DATA EXTRACT Start Marker

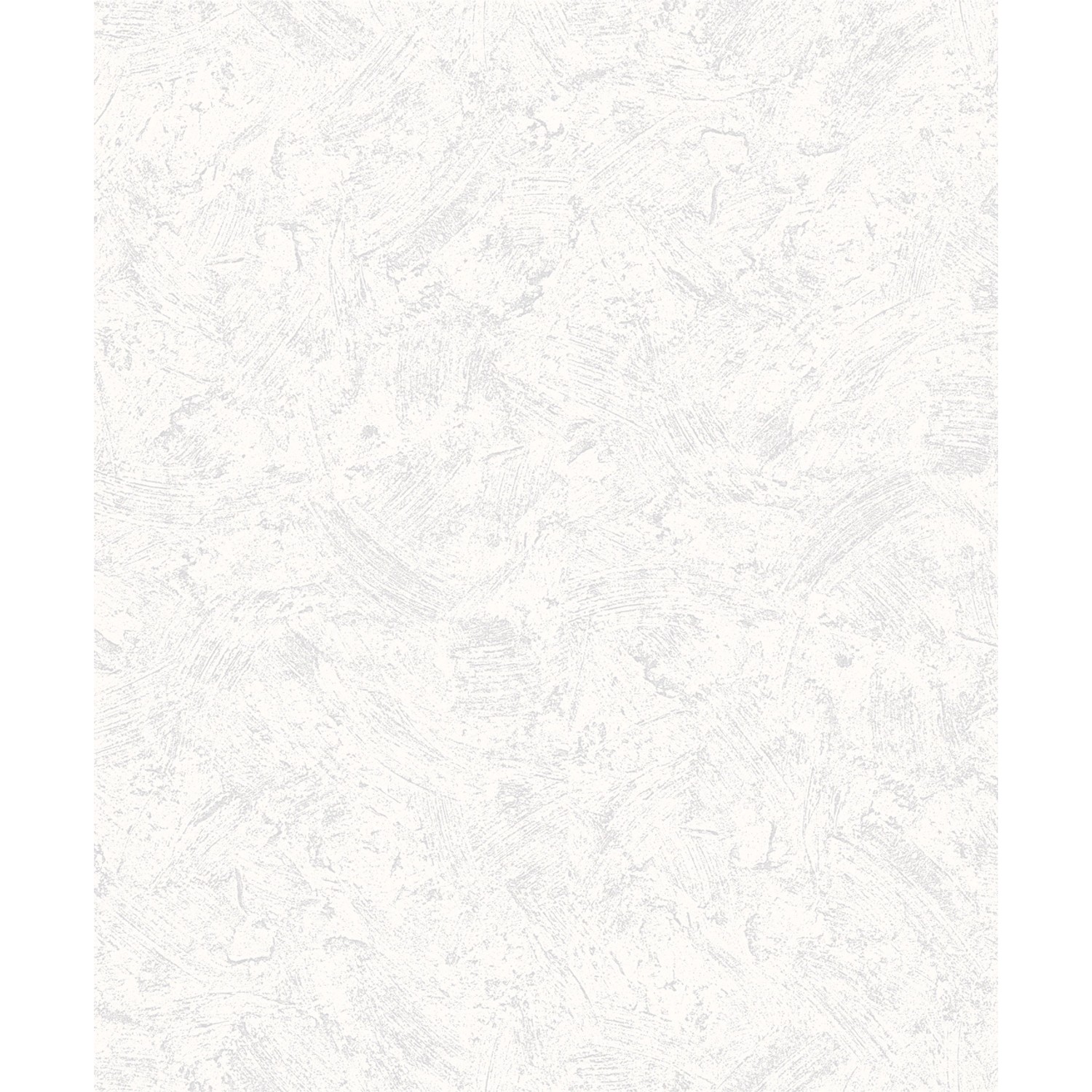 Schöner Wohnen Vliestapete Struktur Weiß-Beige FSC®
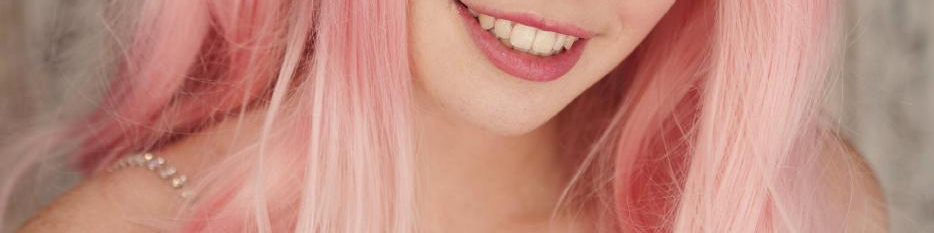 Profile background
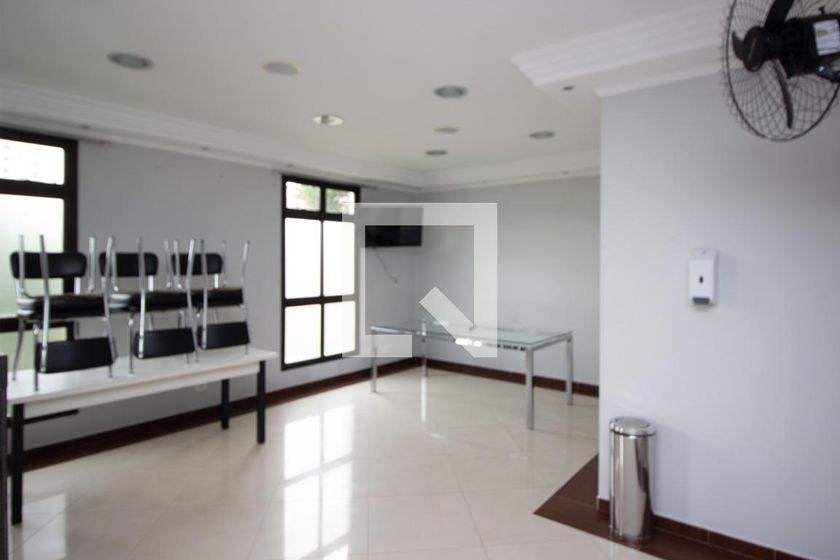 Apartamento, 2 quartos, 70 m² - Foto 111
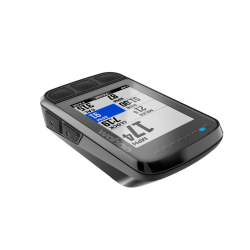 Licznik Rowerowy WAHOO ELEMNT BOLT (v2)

DATA EXTRACT End Marker

TASK TO COMPLETE:
The whole listing, minus its images, should be repeated exactly.

TASK RESULT:
 Schöner Wohnen Vliestapete Struktur Weiß-Beige FSC®
 Profile background
 Apartamento, 2 quartos, 70 m² - Foto 111
 Licznik Rowerowy WAHOO ELEMNT BOLT (v2)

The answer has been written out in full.